**Listed records:**
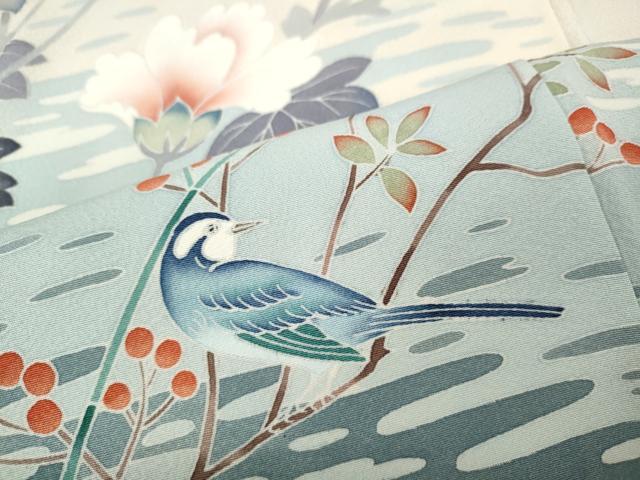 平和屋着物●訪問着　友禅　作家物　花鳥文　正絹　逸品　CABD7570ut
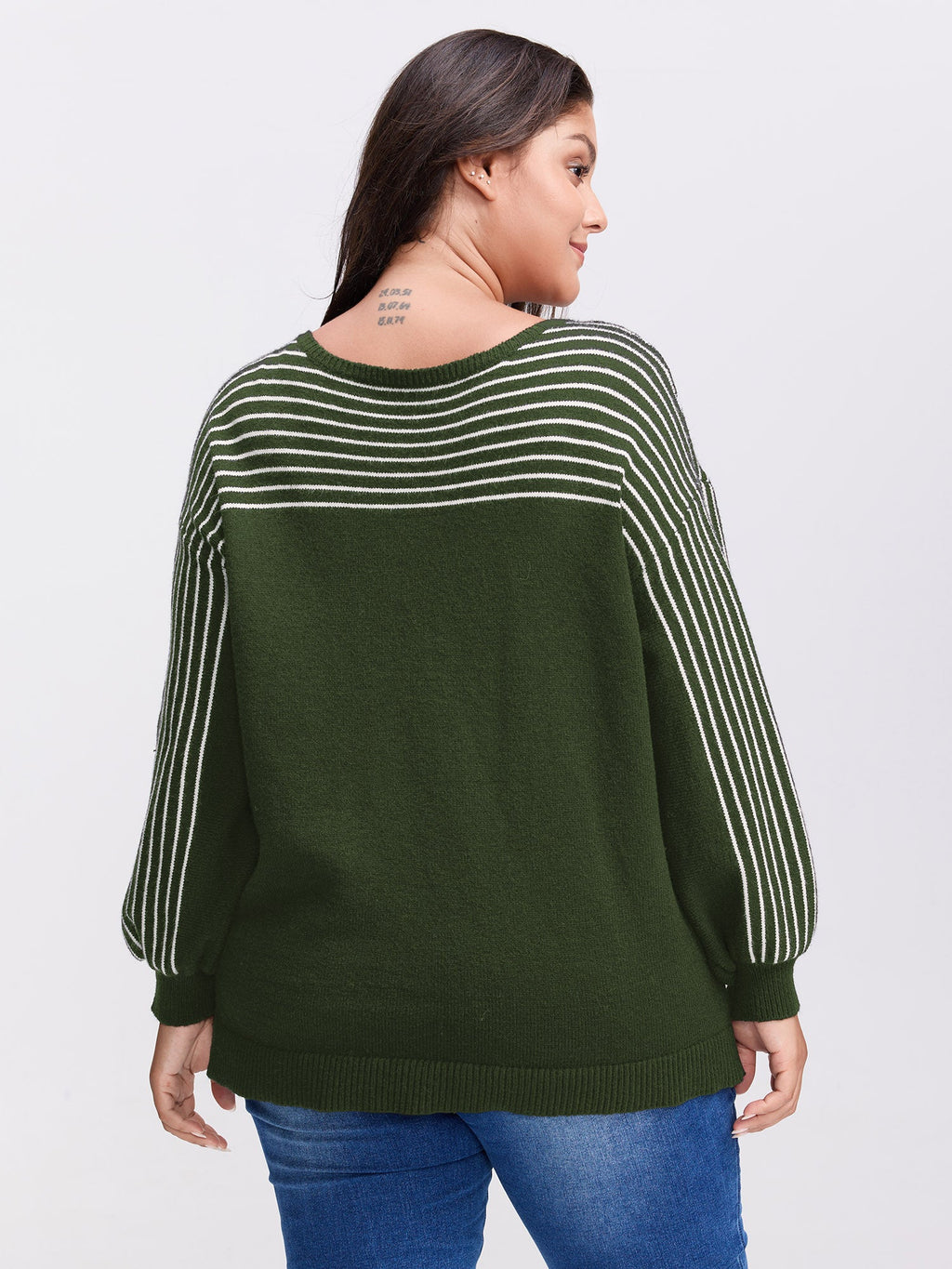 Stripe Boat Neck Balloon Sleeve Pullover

* * *

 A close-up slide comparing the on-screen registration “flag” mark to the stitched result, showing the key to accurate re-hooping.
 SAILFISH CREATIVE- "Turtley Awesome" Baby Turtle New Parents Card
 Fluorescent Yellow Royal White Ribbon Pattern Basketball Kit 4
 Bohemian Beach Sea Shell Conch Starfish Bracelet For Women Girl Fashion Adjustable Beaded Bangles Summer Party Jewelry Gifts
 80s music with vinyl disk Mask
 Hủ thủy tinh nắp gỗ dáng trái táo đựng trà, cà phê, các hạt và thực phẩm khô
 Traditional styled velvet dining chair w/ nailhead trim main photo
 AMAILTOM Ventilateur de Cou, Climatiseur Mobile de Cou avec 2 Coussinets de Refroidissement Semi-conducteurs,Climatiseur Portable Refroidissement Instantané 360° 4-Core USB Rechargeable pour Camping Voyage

**Work instructions:** Among the lines above, the one with "平和屋着物●訪問着　友禅　作家物　花鳥文　正絹　逸品　CABD7570ut" opens the part to repeat and the one with "Stripe Boat Neck Balloon Sleeve Pullover" closes it; repeat only that part exactly, with no pictures.

**Output:**
 平和屋着物●訪問着　友禅　作家物　花鳥文　正絹　逸品　CABD7570ut
 Stripe Boat Neck Balloon Sleeve Pullover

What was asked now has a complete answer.